Upcoming Score Seminar – Common Legal Questions for Start-up Businesses
Matthew A. Reynolds of our Irvine, CA office will be conducting a workshop on May 27, 2014 at 6:00 PM regarding common legal questions for start-up businesses. New business owners often have questions regarding the formalities required to get their business off the ground. This seminar assists the small business owner in determining the best legal structure for their business. In addition, the seminar addresses the common types of contracts small business owners encounter and provides attendees with tips for entering contracts. Finally, the seminar will also touch on protecting the intellectual property of a small business. The workshop will take place at the Fountain Valley Library located at 17635 Los Alamos Valley, 92708. There is no cost for this seminar.
2014 California HR Conference – Anaheim Convention Center
Kyle Kring and Laura Hess will present “So You Received a Sexual Harassment Complaint, What Not to Do, a Trial Lawyer’s Perspective,” at the 2014 California HR Conference taking place at the Anaheim Convention Center August 25, 2014 through August 27, 2014.

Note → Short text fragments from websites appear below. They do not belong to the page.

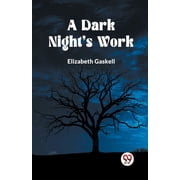 A Dark Nights Work, Paperback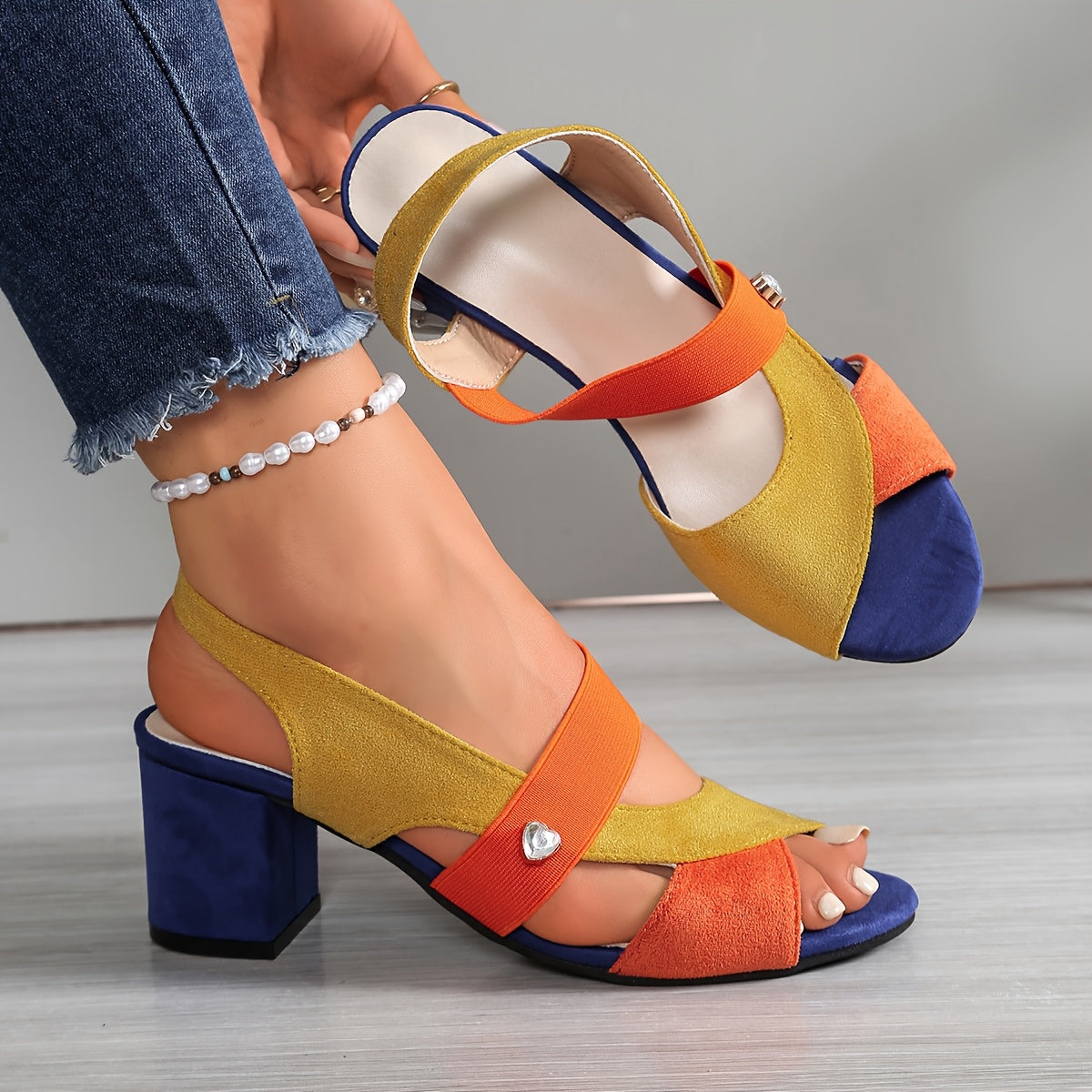 Celine - Sandali Eleganti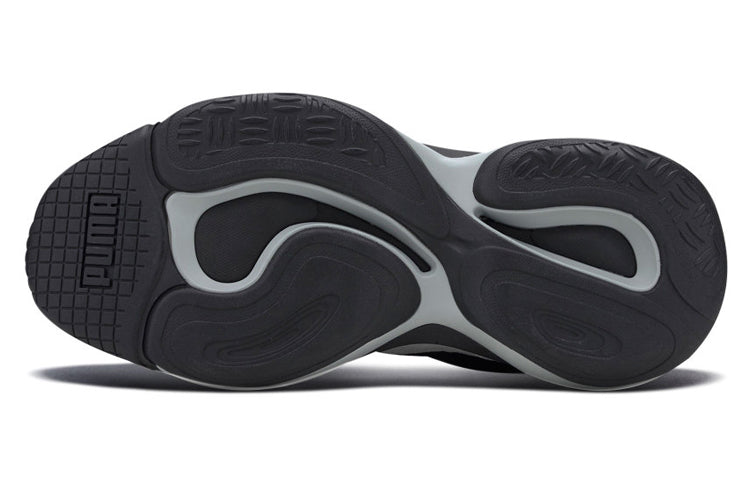 PUMA Alteration Core 'Black' 371584-01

The workshop will include discussions on failing to implement appropriate policies and procedures prior to the alleged incident, failing to perform mandatory sexual harassment training, conducting a timely investigation and documenting the investigation, retaliating against the victim and many other topics that will assist you when dealing with a sexual harassment complaint.
Our attorneys have represented employers in all aspects of employment law. They defend employers against claims for sexual harassment, wrongful termination, retaliation, disability and age discrimination, failure to accommodate whistleblower, gender discrimination, misclassification and unpaid wages.